• _EXERCISE MATERIAL_
════════
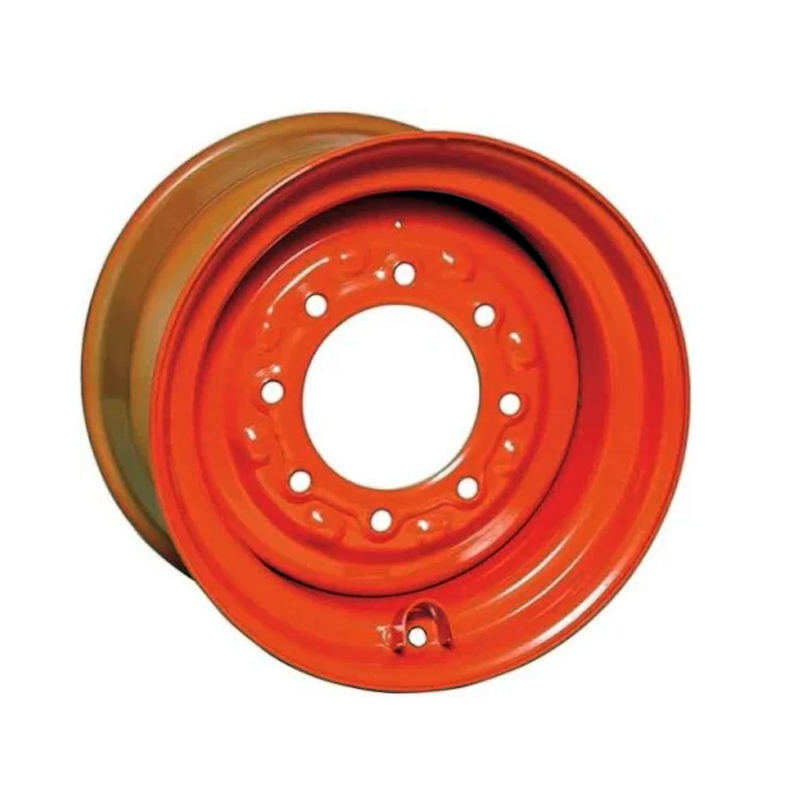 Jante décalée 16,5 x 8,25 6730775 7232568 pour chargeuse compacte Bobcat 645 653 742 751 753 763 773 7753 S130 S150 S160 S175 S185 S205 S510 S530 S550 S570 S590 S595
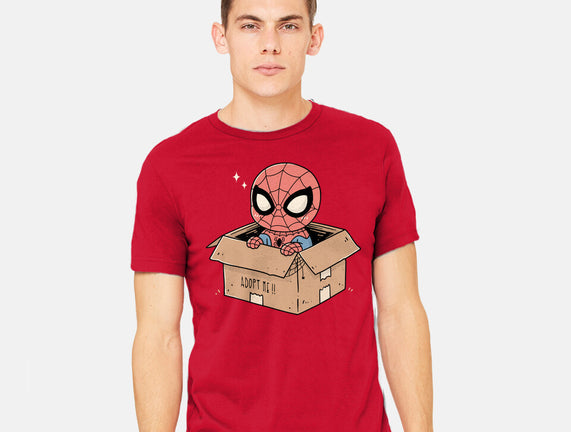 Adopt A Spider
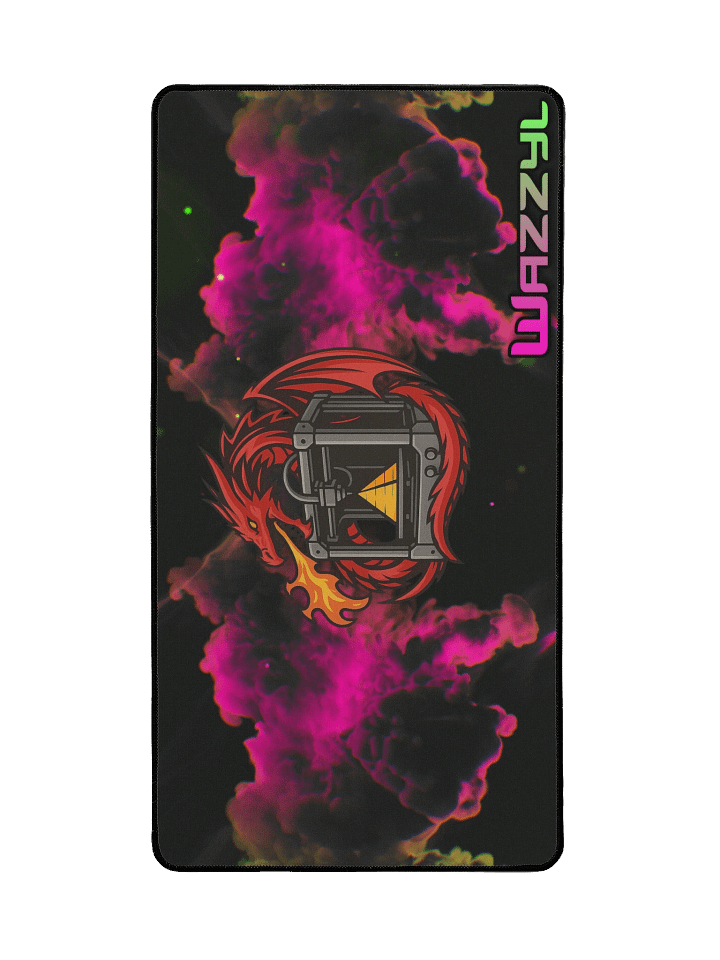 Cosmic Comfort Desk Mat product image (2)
════════
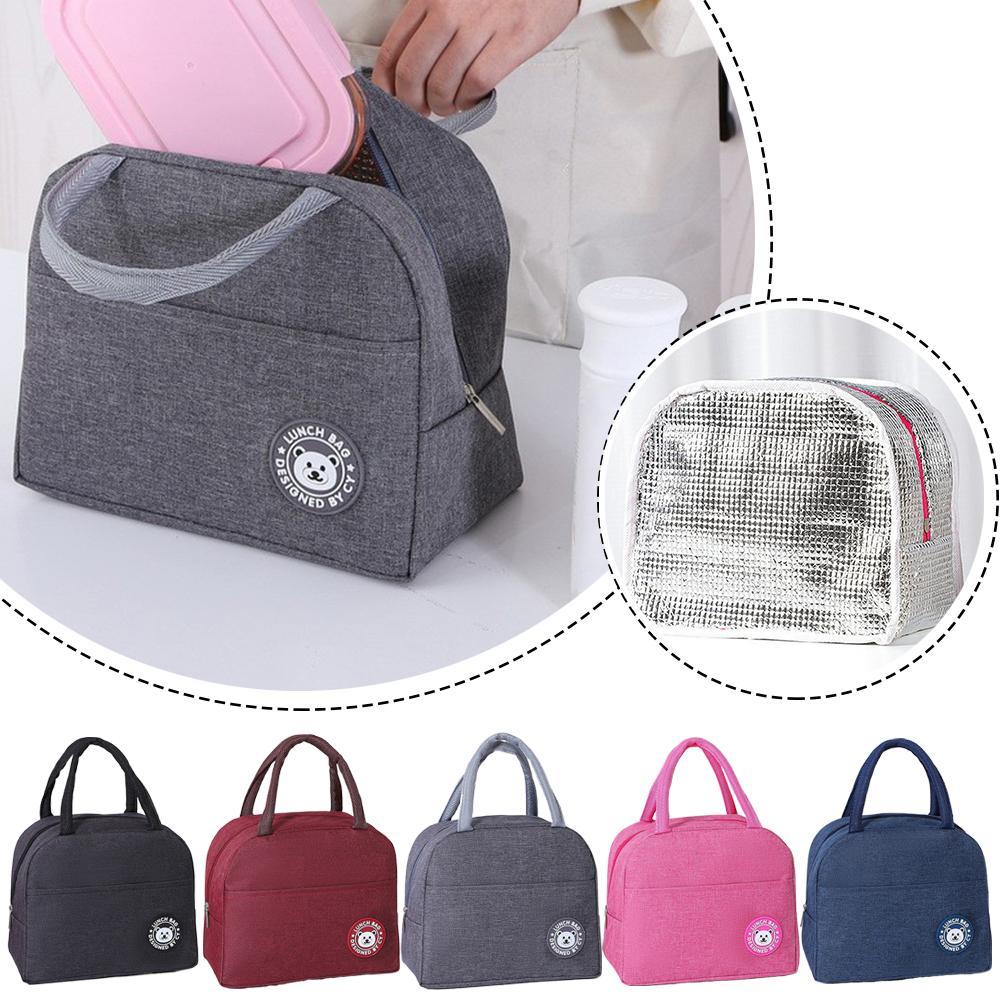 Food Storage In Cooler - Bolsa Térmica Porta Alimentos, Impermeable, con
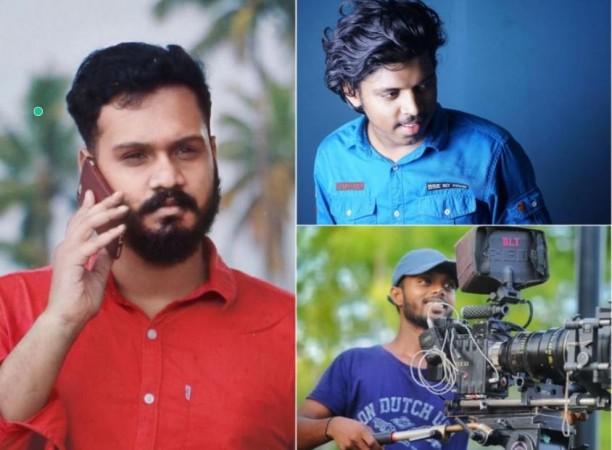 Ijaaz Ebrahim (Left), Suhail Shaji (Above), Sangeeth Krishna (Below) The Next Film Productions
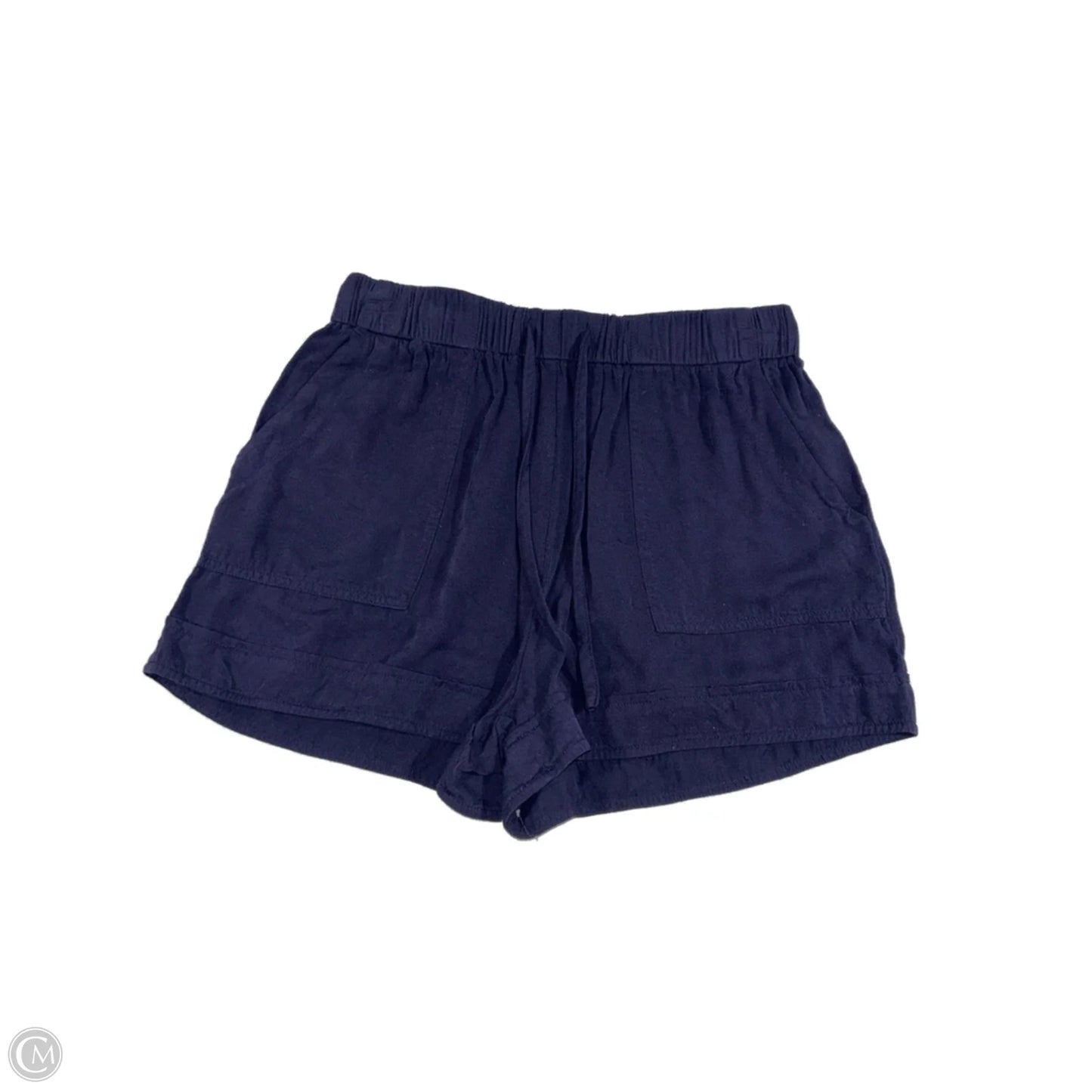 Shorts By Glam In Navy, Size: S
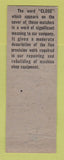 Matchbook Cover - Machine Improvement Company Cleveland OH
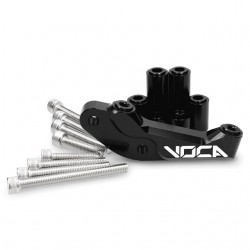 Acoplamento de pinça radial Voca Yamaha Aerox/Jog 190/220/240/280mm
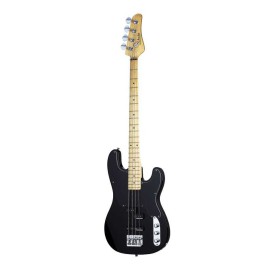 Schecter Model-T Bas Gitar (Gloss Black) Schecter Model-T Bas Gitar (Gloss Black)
════════
• _THE TASK_
Print the line above containing "Ijaaz Ebrahim (Left), Suhail", the line containing "Acoplamento de pinça", and everything between them, exactly as written. Pictures stay out.

• _OUTPUT OF THE TASK_
 Ijaaz Ebrahim (Left), Suhail Shaji (Above), Sangeeth Krishna (Below) The Next Film Productions
 Shorts By Glam In Navy, Size: S
 Matchbook Cover - Machine Improvement Company Cleveland OH
 Acoplamento de pinça radial Voca Yamaha Aerox/Jog 190/220/240/280mm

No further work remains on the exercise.